Ben Mendelsohn is Gerry, a scruffy, hard-up gambler in Iowa who “owes money to everyone.” On one of his losing streaks he connects with Curtis (Ryan Reynolds), a sharp, charismatic fellow whose presence seems to improve Gerry’s luck at the tables. Together they make a run down the river to St Louis and Memphis, hitting all the riverboats, casinos, and dreary motels along the way, looking to muster up enough cash to step into a high stakes poker game in New Orleans.

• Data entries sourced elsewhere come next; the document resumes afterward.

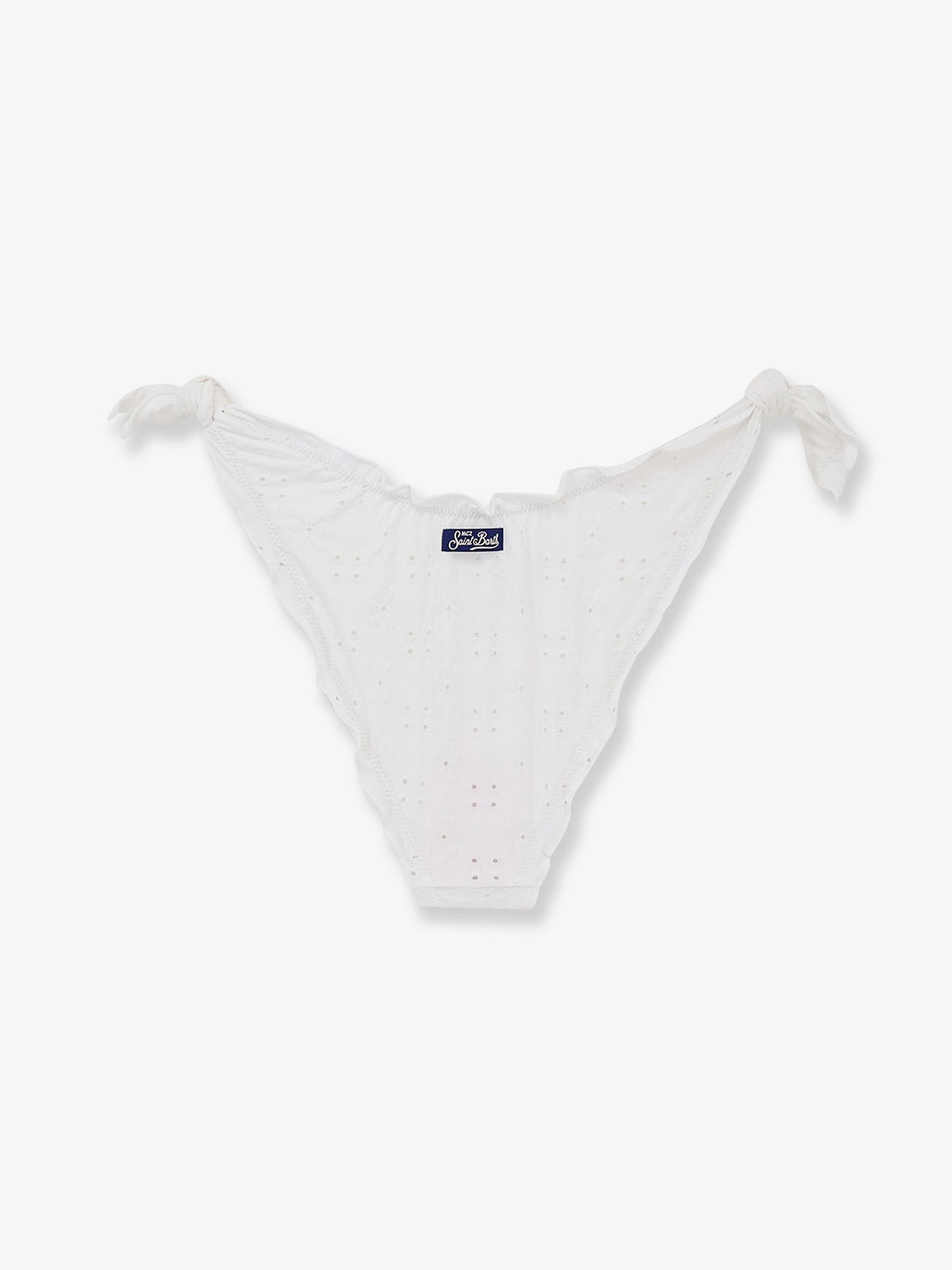 Mc2 Saint Barth Women's Moon Embroidered Bikini Slip Sangallo, view 2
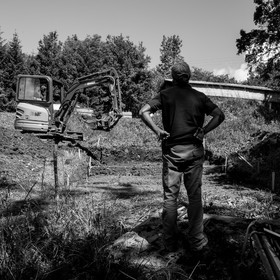 L'installation de la cabane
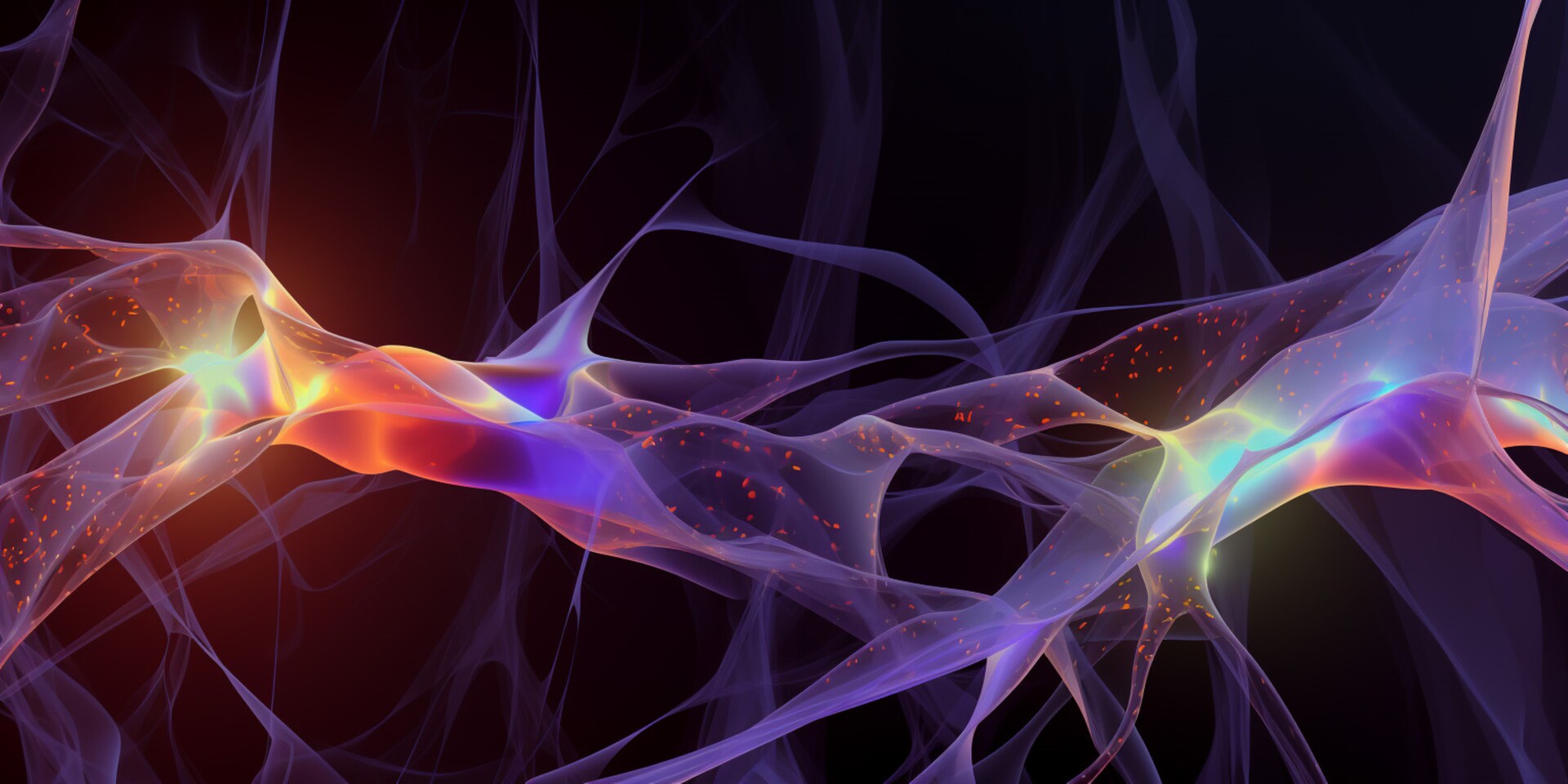 Ilustrație abstractă a conexiunilor neuronale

Mendelsohn, a celebrity in his native Australia who’s carved out a meaty career as a character actor in Hollywood, makes the best of a rare starring role, while Reynolds is so smooth it’s hard to entirely trust Curtis at first, but as we go along we start to realize he’s got his own brand of trouble. Alfre Woodard, Sienna Miller, Analeigh Tipton, and Robin Weigert bring their A-Games in support.

There’s a grimy, retro quality to this yarn from the directors of Half Nelson and It’s Kind of a Funny Story, a glance into a peculiarly American heart of darkness, providing a couple fresh additions to the catalogue of beautiful losers we’ve met in features such as The HustlerCalifornia Split, Hard Eight, and The Cooler. 

 

Heist (2015)

Heist-Torrent

Directed by Scott Mann | Written by Stephen Cyrus Sepher and Max Adams | 93 min | ▲▲△△

Heist is a 2012 Dodge Charger of a movie—kind of muscular and entirely free of pretension. There are cars on the market with better performance and better looks, but it has the charm to know exactly what it is.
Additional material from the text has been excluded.